Short text fragments from websites:
---

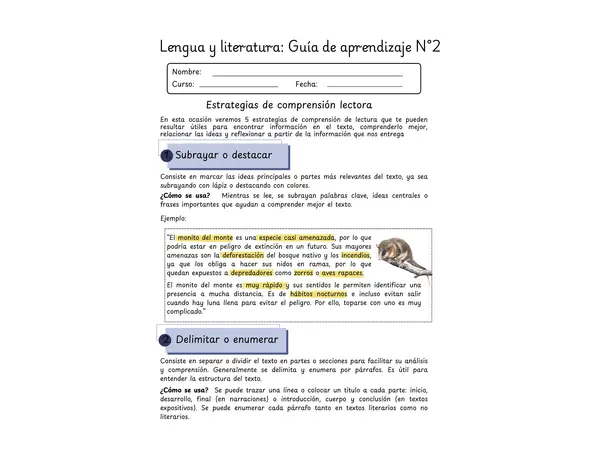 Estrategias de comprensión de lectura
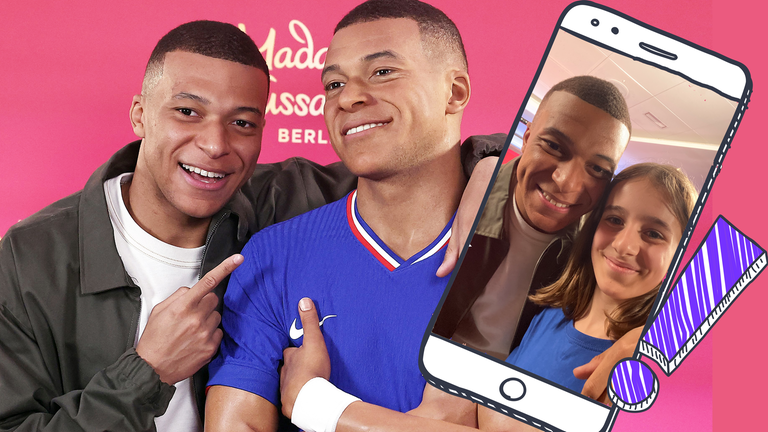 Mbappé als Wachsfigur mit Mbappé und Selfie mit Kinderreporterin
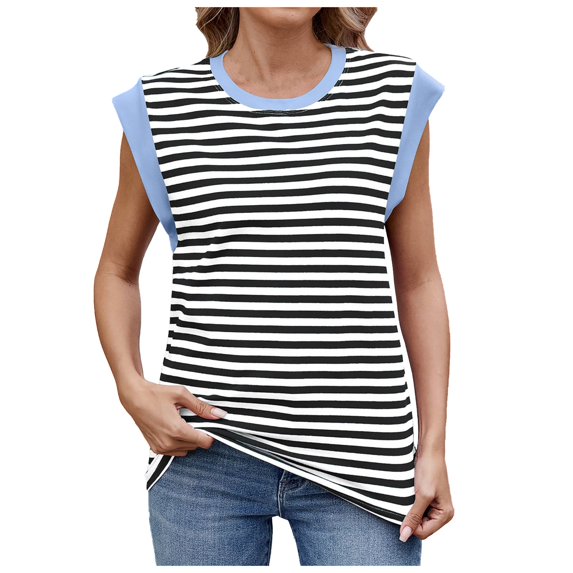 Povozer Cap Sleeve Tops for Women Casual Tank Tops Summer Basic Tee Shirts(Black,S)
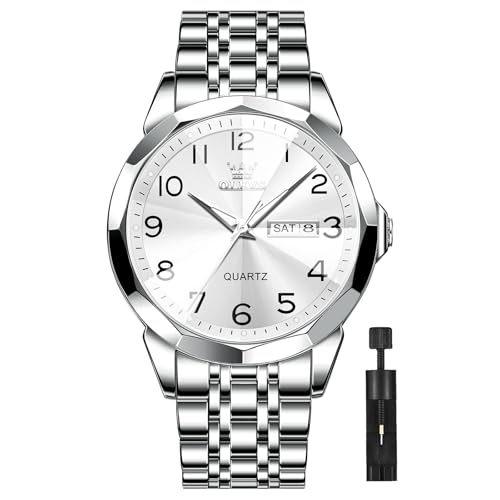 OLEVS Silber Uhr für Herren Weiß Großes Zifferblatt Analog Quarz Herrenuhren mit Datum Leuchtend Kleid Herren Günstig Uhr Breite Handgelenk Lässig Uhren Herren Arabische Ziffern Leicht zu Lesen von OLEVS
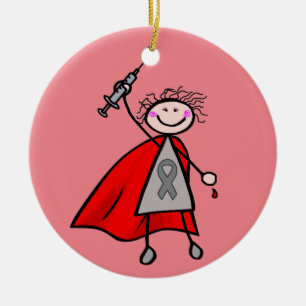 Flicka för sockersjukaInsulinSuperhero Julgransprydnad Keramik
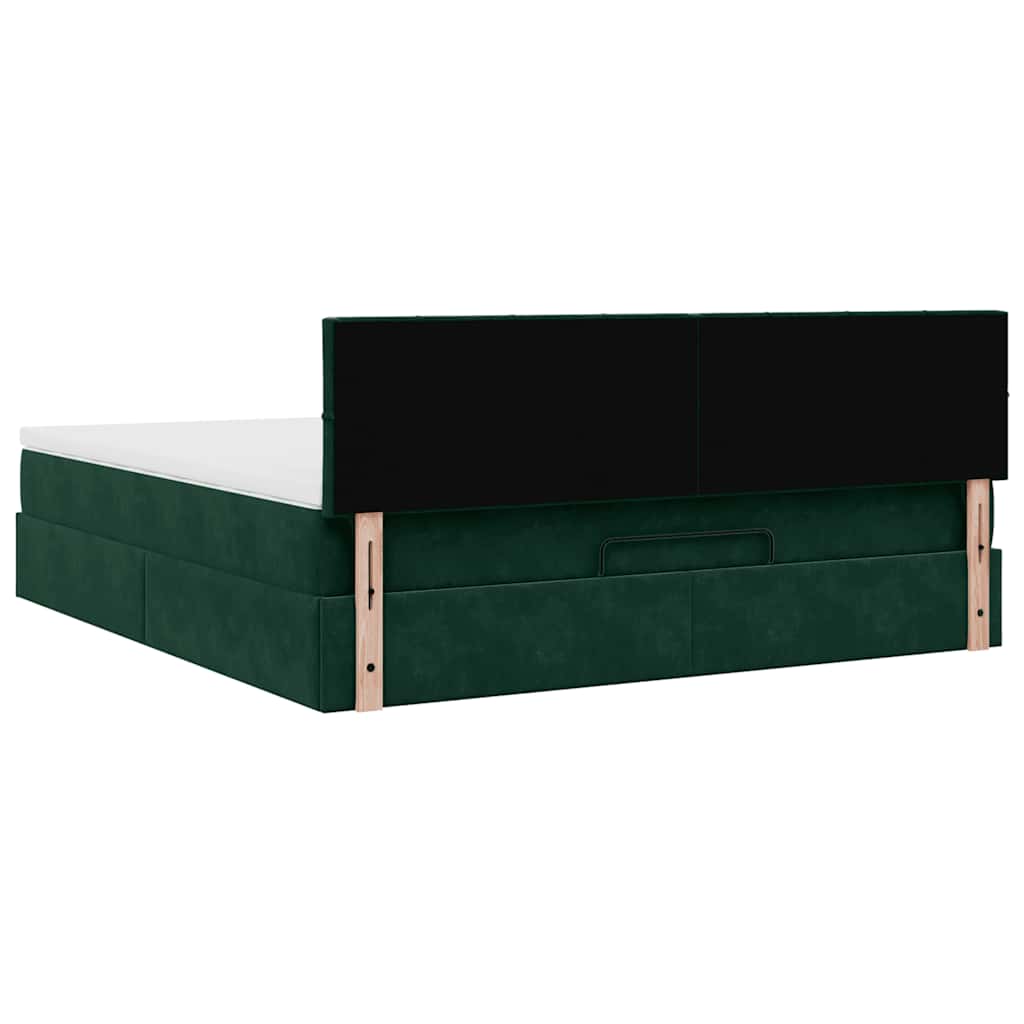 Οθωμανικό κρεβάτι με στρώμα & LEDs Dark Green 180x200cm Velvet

---

Required work: Each line above should be returned exactly as written, apart from any pictures.

Exercise answer:
 Estrategias de comprensión de lectura
 Mbappé als Wachsfigur mit Mbappé und Selfie mit Kinderreporterin
 Povozer Cap Sleeve Tops for Women Casual Tank Tops Summer Basic Tee Shirts(Black,S)
 OLEVS Silber Uhr für Herren Weiß Großes Zifferblatt Analog Quarz Herrenuhren mit Datum Leuchtend Kleid Herren Günstig Uhr Breite Handgelenk Lässig Uhren Herren Arabische Ziffern Leicht zu Lesen von OLEVS
 Flicka för sockersjukaInsulinSuperhero Julgransprydnad Keramik
 Οθωμανικό κρεβάτι με στρώμα & LEDs Dark Green 180x200cm Velvet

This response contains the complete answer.